With that important tidbit out of the way, we moved on to discussing the game: Uncharted 3 has the Cintamani Stone-sized task of living up to its predecessors, and Richmond and his team are busy implementing improvements across the board, subtle as they might appear. "The big thing is that we switched lighting engines between [Uncharted] 1 and 2, and we're keeping the same lighting engine now," he explained. "So we've already got all of those advancements. Now we're just refining them."
Uncharted 2 was an unqualified success, so Richmond says that the jump from 2 to 3 won't be quite as dramatic as the jump between the first two games. From a technical standpoint, the animations will receive the most noticeable improvements in the third game. "We're doing some crazy stuff where we're actually going to stream some animations in," Richmond said excitedly, "so Drake will actually change animation state based on what's happening." Drake might brush his hand against a wall as he passes by, for example; or he could more realistically react to dangers, like smoke and gunfire, as he encounters them. "We don't want to let you walk through fire without reacting," Richmond added, "but most of these animation changes are just like he's doing the right thing based on what's around him, rather than taking away player control. It's about making him seem more realistic."
Richmond also revealed that brawling -- fist-fighting with multiple enemies -- will be added to the combat. "The fact that you can fight multiple guys at the same time, hand-to-hand, makes a big difference," he suggested. "You couldn't do that last game. So things like a bar fight in the game -- you can put five or ten guys around him and actually have Drake punching them out." Drake will also be able to seamlessly use objects in the environment to aid in a tussle, like grabbing a bottle to smash over an enemy's head or even an enemy's gun to end the fight quickly.
"Obviously you're still going to be shooting guys, but the idea is that they can mess with your mind, as well." - Justin Richmond, director
Outside of combat and animation updates, puzzles will now benefit from physics-based improvements. "Imagine this," Richmond began. "The chandelier reacts to Drake's weight. So you jump to it and it starts swinging. The only way to get to the next handhold where you need to go is to actually swing this thing in the right direction. And then imagine that chandelier is actually caught on something, so I have to climb up and free it, then drop to it, and then swing on it to the next thing."
This kind of gameplay might sound like it could lend itself to the PlayStation Move controller, but Naughty Dog isn't going to risk shaking up the established formula with a motion-control option. "We feel like if you're going to build a Move game, you should build a Move game. You shouldn't take a game that already exists with all of these control mechanics, and then build over the top of it."
"We haven't really found a cool way to use it," he added. "If we did, we would." The team did experiment with Move, getting "simple movement" to work in a prototype build, but the technology eats up a significant chunk of memory in calculating player movements (and Uncharted 3 won't have much to spare), so Naughty Dog decided against making any sacrifices, especially in considering the likely majority of players who wouldn't be using Move to play the game.

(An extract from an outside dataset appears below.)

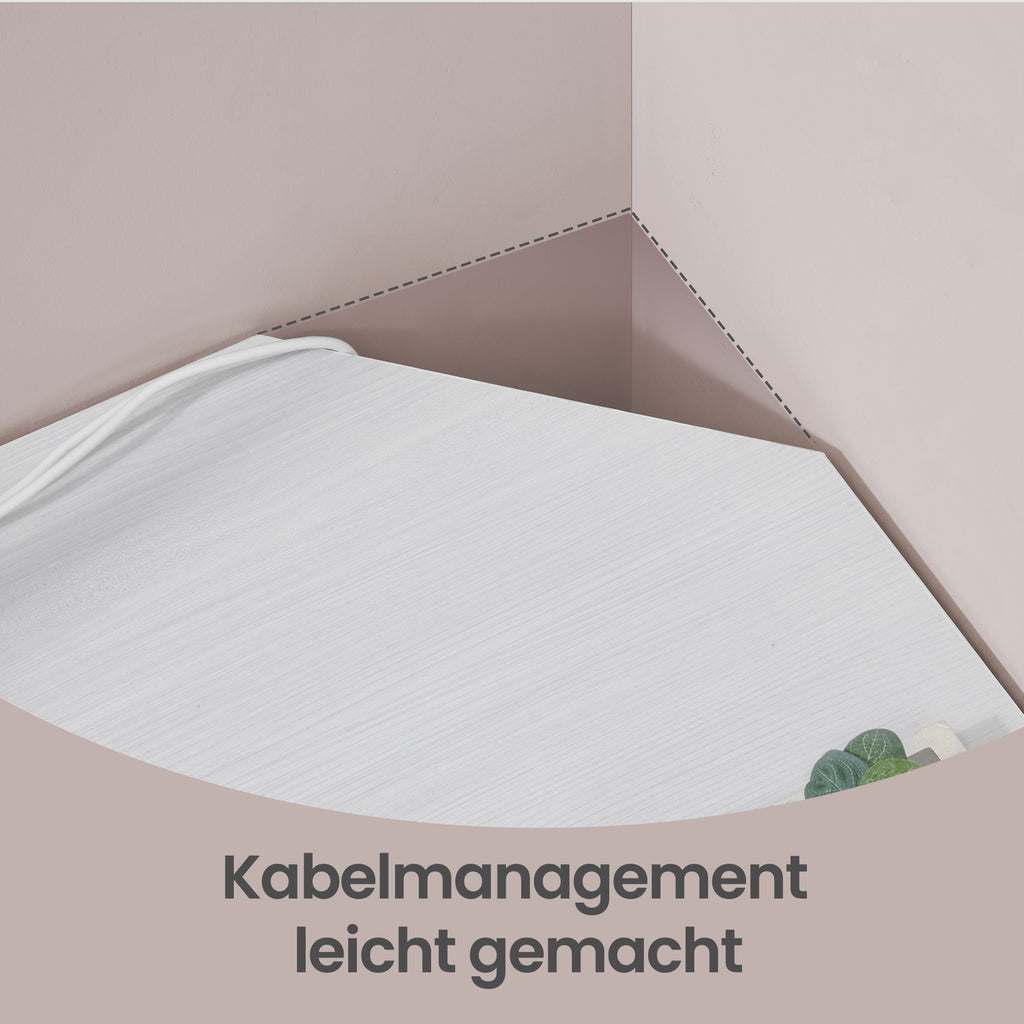 L-förmiger Schreibtisch, Gaming-Tisch, Eckschreibtisch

As for the prospect of story-based DLC this time, "If we felt like it was financially correct and we felt it was right to do, we would totally do a story-based extension," Richmond told me. I waited for the but ..."But usually, what ends up happening is that the story is really tight, and adding in extra levels and stuff messes with the flow. We usually cut things for a reason, and so we'll get to some spot in the game where we would do something extra, and it just doesn't work." Richmond added that story-based DLC tends to be expensive (typically, you'd have to bring back the actors for any voice work and create all-new assets), and it can be risky to rely on income from DLC to justify that cost.
"We're going to really take it to the next level, listen to what the fans said, do all of the things we wanted to do last game" - Richmond
Multiplayer, however, will be a major feature of Uncharted 3, including post-release updates, though Naughty Dog has learned quite "a lot" from its implementation in the last game. "The biggest thing we learned was don't significantly change the bullet damage of the game after you launch," Richmond recalled. The team got caught up in tweaking the multiplayer after Uncharted 2 launched, and Richmond said Naughty Dog was drowned in feedback after the changes were made -- much of which has aided in the development of the new multiplayer.

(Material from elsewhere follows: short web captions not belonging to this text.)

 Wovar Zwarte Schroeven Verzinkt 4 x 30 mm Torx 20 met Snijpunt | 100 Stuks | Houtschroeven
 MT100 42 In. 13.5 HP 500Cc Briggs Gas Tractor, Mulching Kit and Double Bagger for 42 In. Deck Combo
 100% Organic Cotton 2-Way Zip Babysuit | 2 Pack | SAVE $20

"Next game we're going to blow it out," he promised of Uncharted 3's multiplayer. "We're going to really take it to the next level, listen to what the fans said, do all of the things we wanted to do last game but didn't have time to, because we really did the whole thing in just a year."

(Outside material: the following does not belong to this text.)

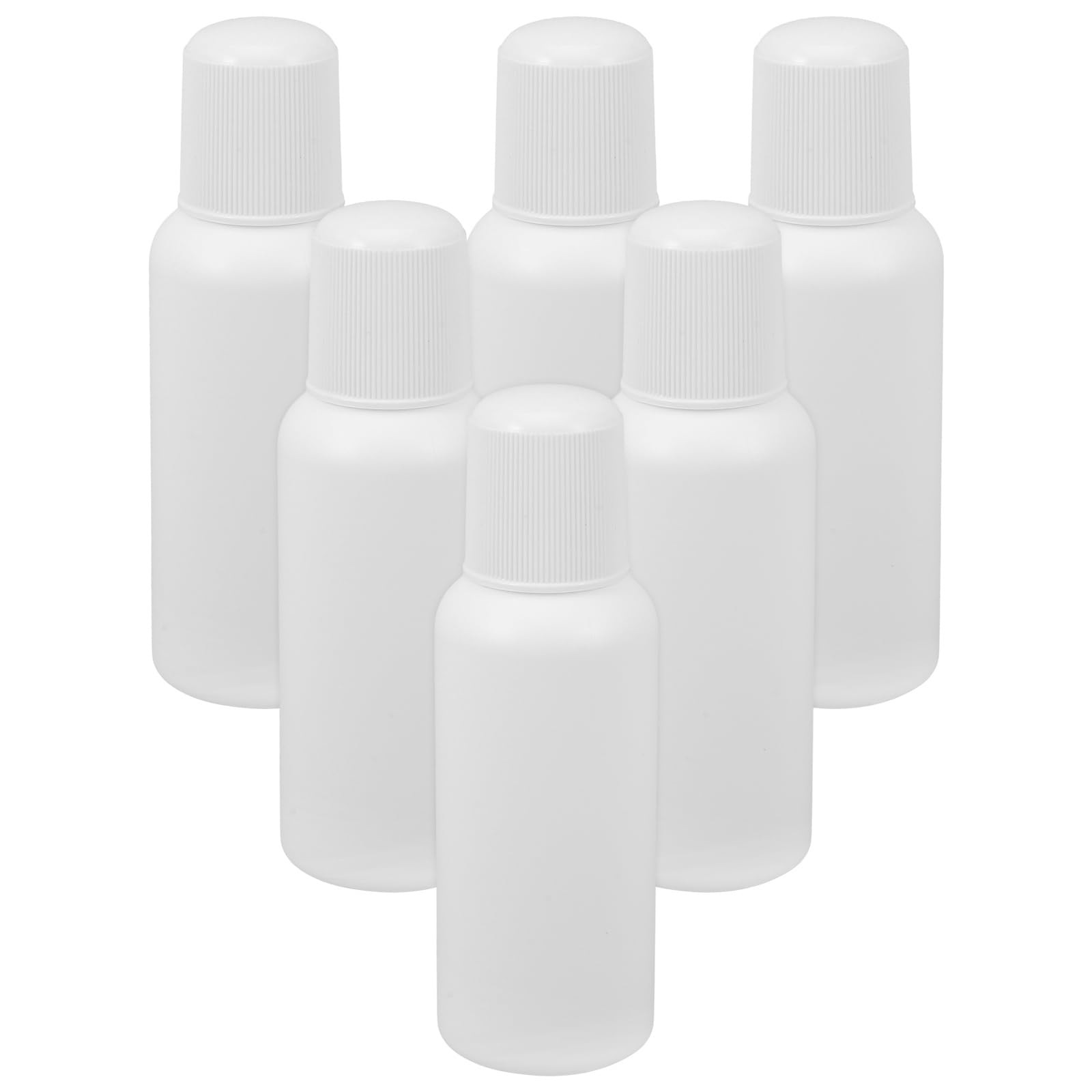ounona 6pcs 3.38oz empty sponge head applicator bottle press out type sponge head applicator liquid bottles refillable empty dauber bottles refillable squeeze for essential oil perfumes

Naughty Dog remains steadfast in its commitment to the classic single-player adventure, even if there is some level of anxiety about releasing Uncharted 3 in the highly-competitive holiday period next year. "I'm worried about how crowded it is," Richmond admitted of the game's November 2011 release window, before adding, "I think we can stand up against anybody, take anybody on. There's a juggernaut in Call of Duty, whatever they're going to do, and Assassin's Creed sounds like they're going to come out around the same time as us also -- rumors of 3 or whatever. Ultimately, we've got financial dates we've got to hit; we've got to get the game out when we think it makes sense. We won't spend more than two years on these games."
If the game's release date did get pushed back, the decision would have to come from Sony, not Naughty Dog. "For us, we are going to hit our date," Richmond assured. "Naughty Dog doesn't miss their date."